Sudden flashes of grazing light illuminate chromatic details that emerge from dark backgrounds and gloomy settings, bringing to mind the painting of Caravaggio and the Caravaggisti, which he came to know during his years at the Academy, thanks also to his closeness to Vincenzo Migliaro.
Migliaro, a pupil of Domenico Morelli, but also a profound connoisseur of seventeenth-century Neapolitan painting, passed on to the young Tafuri certain chromatic values that we find again and again in his handling of reality and in his reinterpretation of Neapolitan realism through a lively, synthetic touch, rich in suggestive, almost material highlights.
In his scenes of everyday life, genre paintings and portraits, the painter from Salerno is also able to skilfully conduct an accurate observation of Antonio Mancini’s realism, which can be seen above all in the faces of fishermen, gypsy girls, peasants and fishmongers, which he brings to life with a quick, dynamic and luminous realism.

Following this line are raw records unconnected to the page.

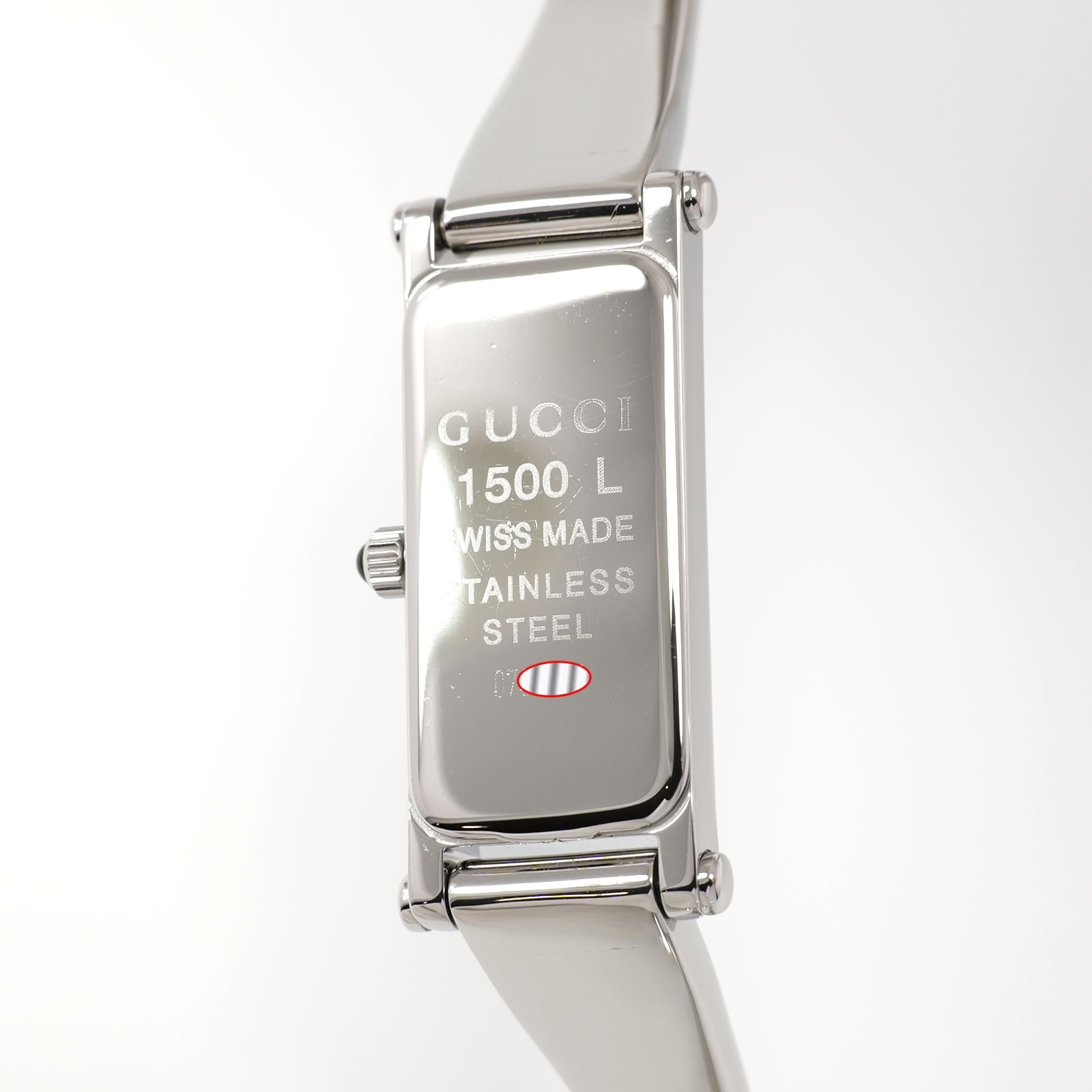 Gucci 1500L stainless steel case back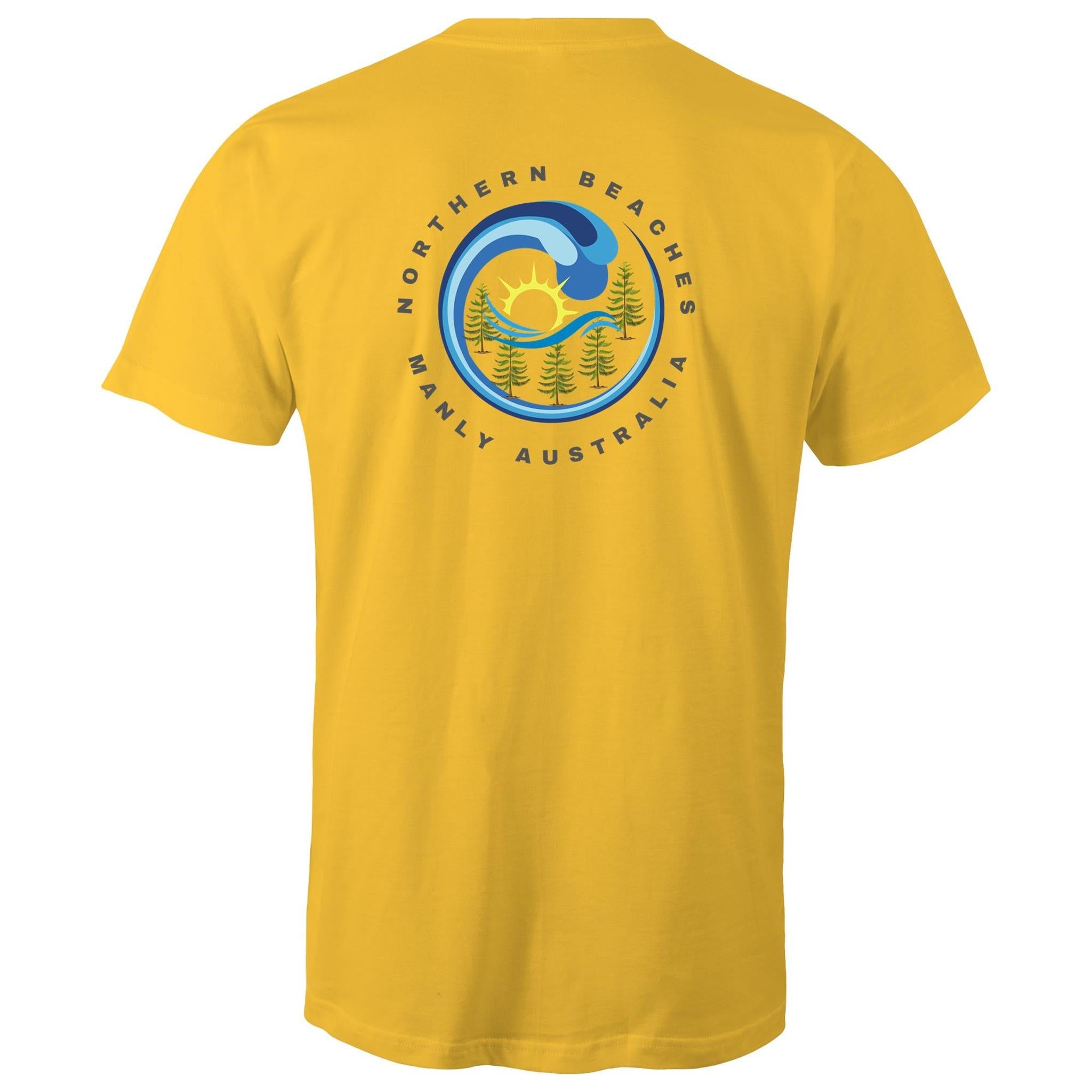 Northern Beaches Manly Australia front and back logo on AS Colour Staple Cotton Adult T-Shirt Ogo Merch
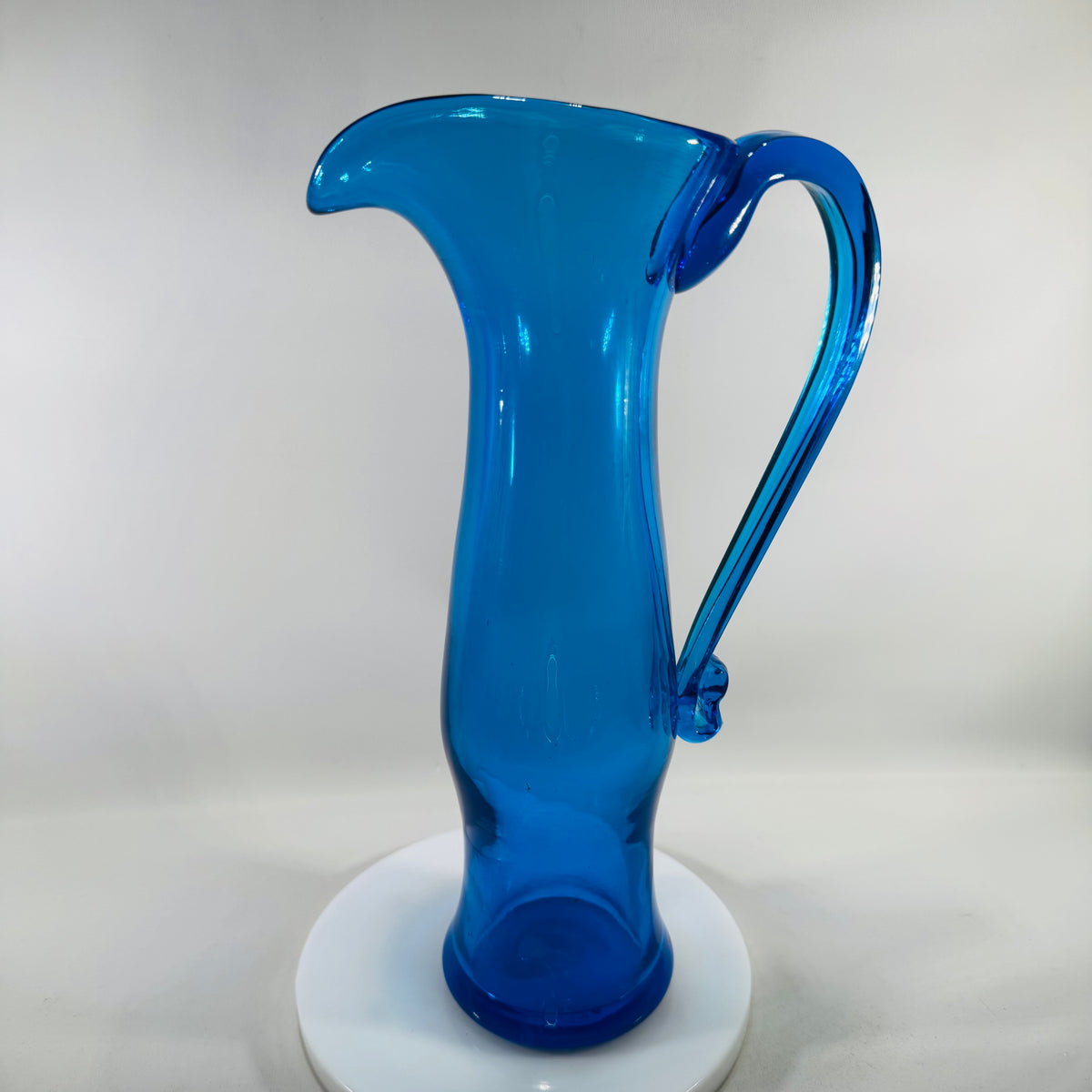Blenko Hand-Blown Cobalt Blue Art Glass Pitcher (10” x 6”) | Mid-Century Modern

Clemente Tafuri’s critical success began in the 1930s, after his participation in the Salerno Art Exhibition in 1933, when he presented to the general public his paintings with their bright colours and intense chiaroscuro passages.
Paintings Dedicated to War and African Colonialism
His pictorial immediacy, accompanied by full-bodied chromatic mixtures, characterises all the works he produced between the 1930s and 1940s, which made Clemente Tafuri one of the last representatives of Neapolitan realism between the two wars. Among his most significant works are some war scenes, linked to the plates he produced for the “Domenica del Corriere”, which also show us his considerable work as an illustrator and advertising poster artist. Many of these illustrations are dedicated to the Spanish Civil War or the colonial conquests, which were then turned into postcards for the Boeri publishing house.
At the end of the 1930s, therefore, there were also some works aimed at underlining the Italian presence on the European imperialist scene, above all narrated through military exploits. In particular, for Italo Balbo, governor in Libya, he painted the fascinating portrait of the Libyan Zaptiè, wrapped in a bright red cloak that contrasts with the dark complexion of his haughty face, kept in the Museo Storico dell’Arma dei Carabinieri in Rome in Piazza Risorgimento. Other paintings by Tafuri are kept in the same Museum and they are dedicated to the Carabinieri, Gunu Gadu, dedicated to the battle in which Captain Bonsignore fell, and Resurrezione, from 1953, showing the sacrifice of Salvo D’Acquisto, intent on tearing off his shirt with great pathos, in order to open his chest to the Germans’ bullets, are also exhibited in the same museum.
At the slave trader
Within Clemente Tafuri’s colonialist production, particular attention should be paid to an Orientalist work from 1942 entitled At the slave trader. In this large, horizontal oil painting, the painter offers us a vision of an interior enveloped in darkness. The slave trader shows a particularly attractive one stripped of her dress, while the others surround her in brightly coloured clothes, listening to the kerar player, the typical Ethiopian lyre.
Tafuri skilfully and fluently re-proposes a classic topos of Orientalist and colonial iconography, that of the slave trade, depicting sensual and exotically fascinating female types. He uses a chromaticism enhanced by a dense and synthetic brushstroke, animated by sudden flashes of light reminiscent of Michetti’s painting. The Voto in the Galleria Nazionale, a key element in the Abruzzi painter’s production, returns in this masterpiece by Tafuri for several reasons: the choice of a monumental, horizontal format, the folkloric and popular theme, the selection of dark tones taken from 17th-century tradition and, above all, the fragmentation of form and colour. The juxtaposition of finished and deliberately unfinished parts is intended to portray a pungent, bleak realism, combining Fortuny’s range of light colours with dramatic shading.